Like any other major scheme, this one has been having its teething problems. As expected, the major opposition party has made much of such matters. But Congress should have fought back instead of ceding ground on this one. The fact is that given that Aadhaar has already captured data for more than 60% of India's population, and given the basic strengths of DBT, BJP is mostly unlikely to roll back these projects even if it is the one to form the next government. DBT is indeed a game-changer and Congress should have tom-tommed it instead of fighting shy.

COUNTERVIEW

Don't buy the game-changer hype

Pyaralal Raghavan

The rather hasty eclipse of the direct cash transfer scheme from the Congress's election campaign comes as no surprise. Though once hailed as a game-changer with the potential to make a substantial positive impact on the electoral prospects of UPA-II the Congress-led government now has no choice but to stop listing direct cash transfer scheme as a major achievement. This is because the scheme was unviable and didn't really take off. While the initial plan was to use Aadhaar-enabled bank accounts to deliver direct cash assistance to beneficiaries under 13 centrally-sponsored schemes in chosen districts from January 2013, it soon ran into rough weather as the district administration on the ground was ill-equipped to handle such a massive exercise at short notice.
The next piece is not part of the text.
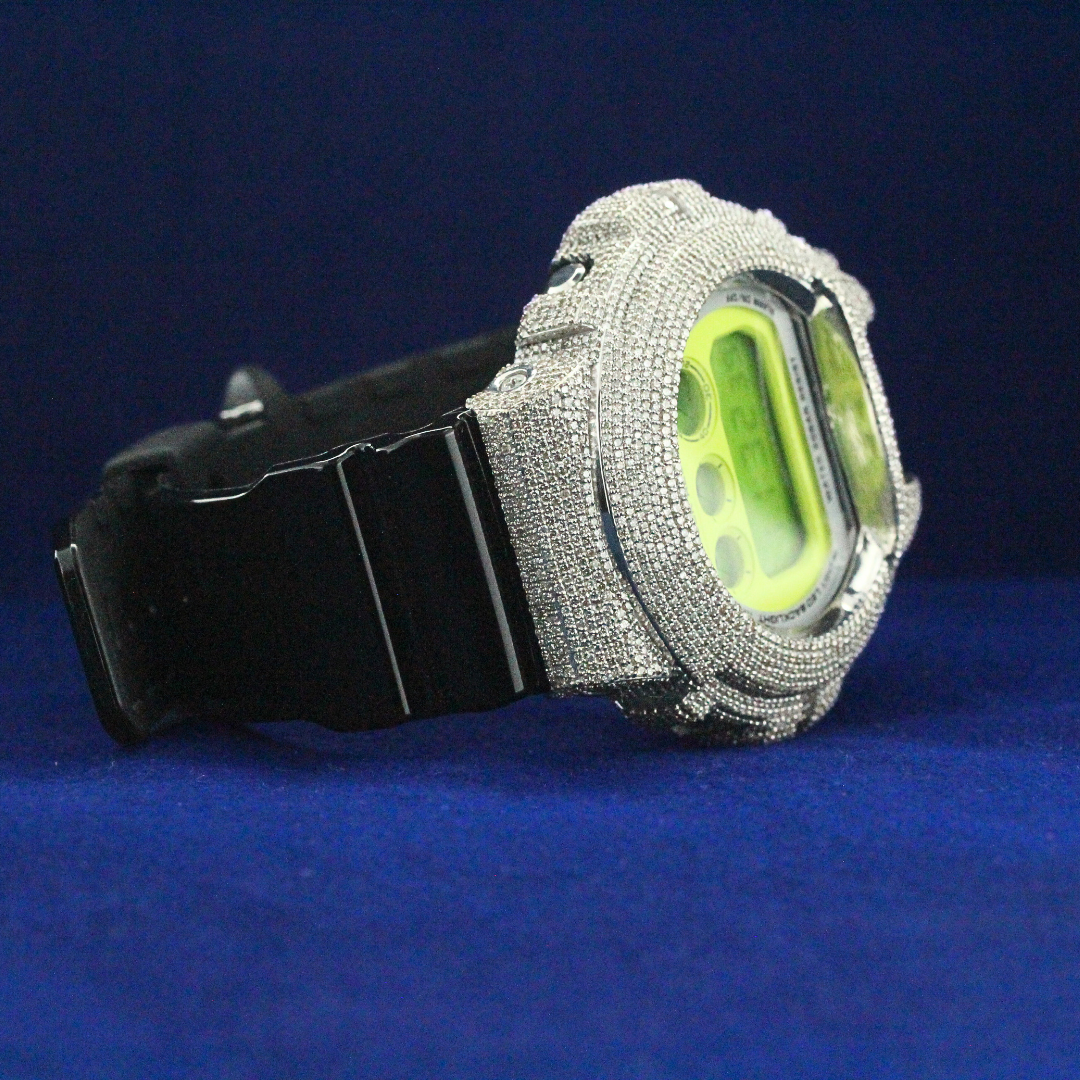 Front view of ICY Digital Chrono watch featuring moissanite diamonds with a fully iced-out digital display in a custom hip hop jewelry style.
The result was that the roll-out of pilot cash transfers in selected districts was less than satisfactory. But what finally ensured the informal termination of this experimental venture was the Supreme Court order forbidding the government from making Aadhaar mandatory for availing financial assistance from the state. This was the final nail in the coffin as exclusion of Aadhaar numbers from the programme would have ensured poor targeting and large leakages like in earlier schemes. This left UPA-II no option but to pull down the curtains on DBT on the campaign trail.
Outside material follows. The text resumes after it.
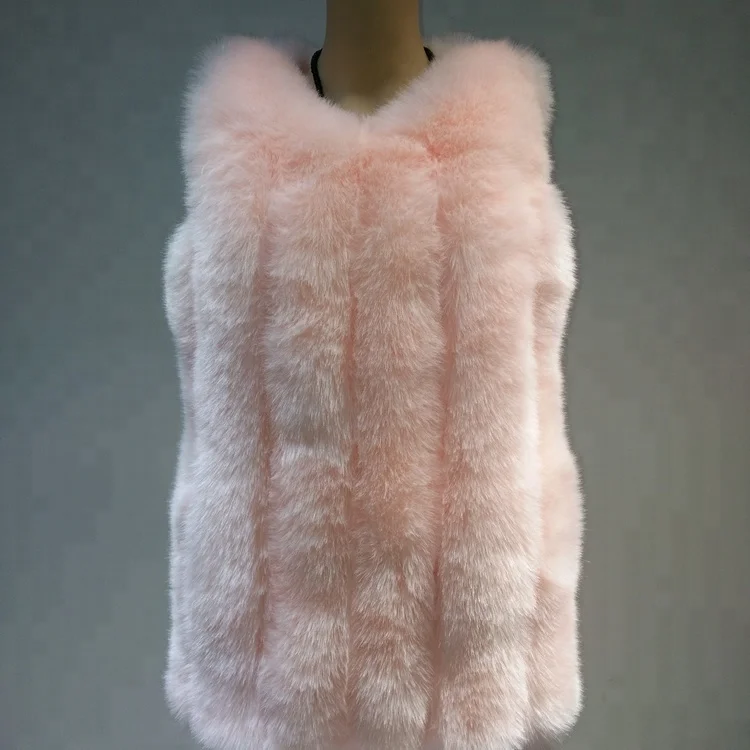 Популярный вязаный женский жилет из меха лисы норки кролика с круглым вырезом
The Indian experience with direct cash transfer plans is no great surprise. Such schemes are usually effective only in countries with reasonable governance structures and political commitment. That is what needs to be fixed, because in their absence any scheme, no matter how well-devised, will fall short. Even if money does find its way into beneficiaries' hands they may not be educated enough to be able to utilise it well, spending it instead on drink.